Jessica Hagedorn | John Barth | Yusef Komunyakaa | Stewart O’Nan | Anne Landsman |
Saïd Sayrafiezadeh | Lily Tuck | Jesse Ball | Elissa Schappell
In Thrall
Audrey Hepburn, at the end of Roman Holiday, is asked which city is her favorite, and answers, “Rome. By all means Rome.” Asked such a question about writers, my answer is: Joan Didion. By all means, Joan Didion.
I just now reread A Book of Common Prayer and once again—the book was published in 1977—was dazzled by the power of understatement and indirection which is so much a trademark of Didion’s art.
Withholding, I suppose one calls it.
Who is Charlotte Douglas, the enigmatic woman at the center of the novel? Why did she come to this out-of-the-way Central American country? One never really finds out exactly, and yet, because Didion gives one just enough tantalizing details to guess, to imagine, to make assumptions, the reader is totally in Charlotte’s thrall. As are most of the men in the novel.

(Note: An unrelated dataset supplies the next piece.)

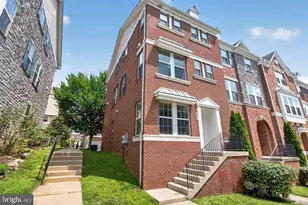 27 Fairbanks Dr, Gaithersburg, MD 20877 - Photo 1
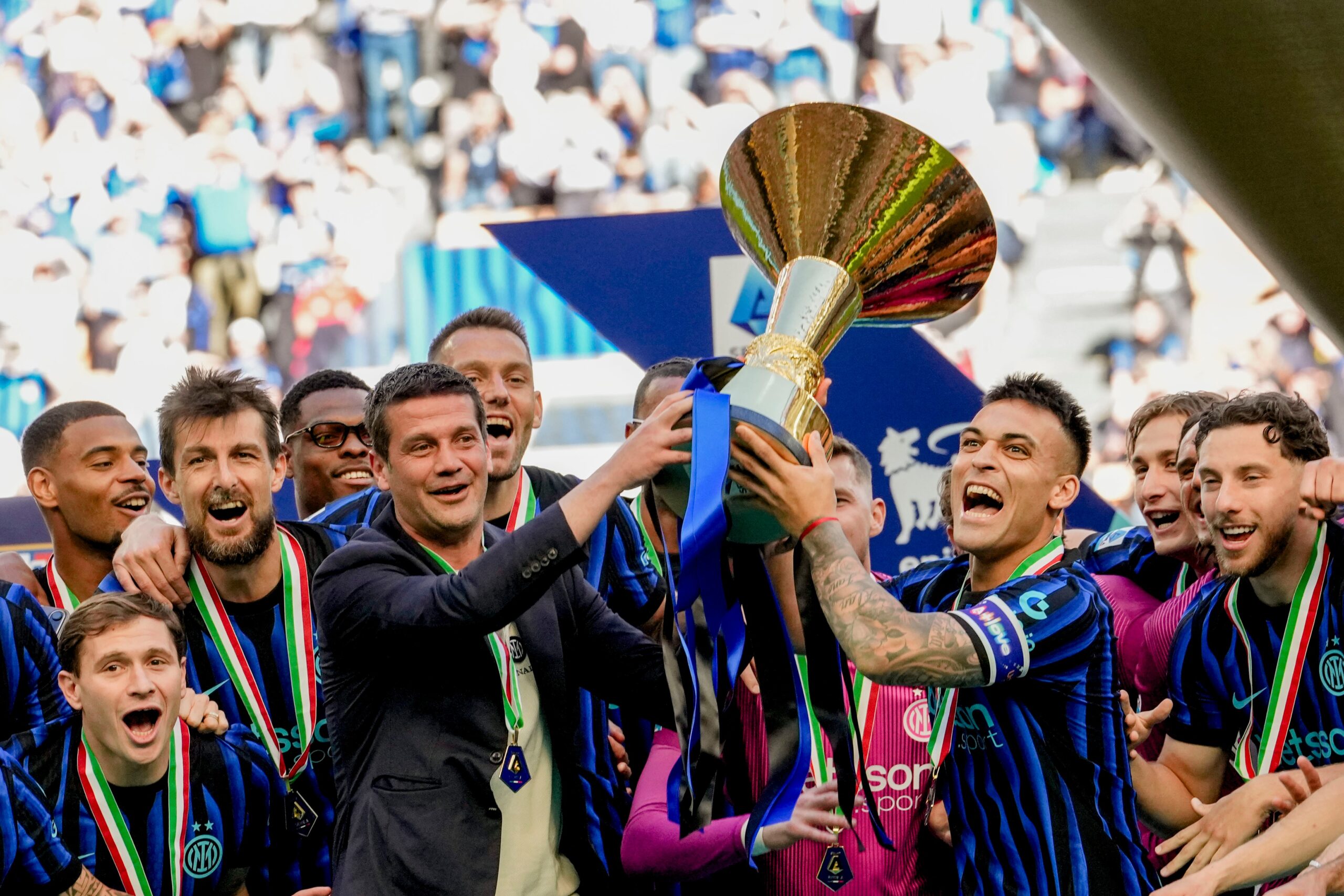 Maglia Inter 26/27, sui social svelata la nuova divisa: “Celebra il legame con Milano”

Here is how Didion describes her:
As a child of comfortable family in the temperate zone, she had been as a matter of course provided with clean sheets, orthodontia, lamb chops, living grandparents, attentive godparents, one brother named Dickie, ballet lessons, and casual timely information about menstruation and the care of flat silver …
No mention is given of her parents, as that would give too much away; parenting, or the lack of it, is, in large part, what the novel is “about,” the failure of parents to understand their children. In particular, Charlotte Douglas’s failure as a mother is what propels the novel to its tragic end.
I love the quirky, oblique dialogue with the slightly surreal repetitions:
We should be doing this all our lives, Warren had said.
We should have done this all our lives, we should do this all our lives.
“I don’t want to leave you ever,” Charlotte said.
“No,” Warren said. “But you will.”
After a while there were no more frosts at night and the wild carrot came out along all the roads and every night ended badly.
In her essay “Why I Write,” Didion admits that her attention is always on the periphery, on the specific, the tangible—on what she can see, taste, touch. She writes in order to know what she thinks, she says. I do too.
Joan Didion’s writing continues to dazzle and continues to inspire and remind me to look for what is there—then try to leave it out.